INSTRUCTIONS TO FOLLOW: Nothing but the data below, returned exactly, should appear in the answer.

Short text fragments from websites:
-*-*-

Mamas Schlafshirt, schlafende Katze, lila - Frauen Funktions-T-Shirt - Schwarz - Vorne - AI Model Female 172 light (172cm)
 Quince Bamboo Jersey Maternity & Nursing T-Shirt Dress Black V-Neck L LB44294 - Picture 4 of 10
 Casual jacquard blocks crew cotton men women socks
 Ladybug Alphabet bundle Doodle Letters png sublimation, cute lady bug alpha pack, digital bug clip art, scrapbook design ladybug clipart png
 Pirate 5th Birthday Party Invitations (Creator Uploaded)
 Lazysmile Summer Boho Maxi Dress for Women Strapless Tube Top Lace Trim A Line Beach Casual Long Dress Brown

-*-*-

THE COMPLETED TASK:
Mamas Schlafshirt, schlafende Katze, lila - Frauen Funktions-T-Shirt - Schwarz - Vorne - AI Model Female 172 light (172cm)
 Quince Bamboo Jersey Maternity & Nursing T-Shirt Dress Black V-Neck L LB44294 - Picture 4 of 10
 Casual jacquard blocks crew cotton men women socks
 Ladybug Alphabet bundle Doodle Letters png sublimation, cute lady bug alpha pack, digital bug clip art, scrapbook design ladybug clipart png
 Pirate 5th Birthday Party Invitations (Creator Uploaded)
 Lazysmile Summer Boho Maxi Dress for Women Strapless Tube Top Lace Trim A Line Beach Casual Long Dress Brown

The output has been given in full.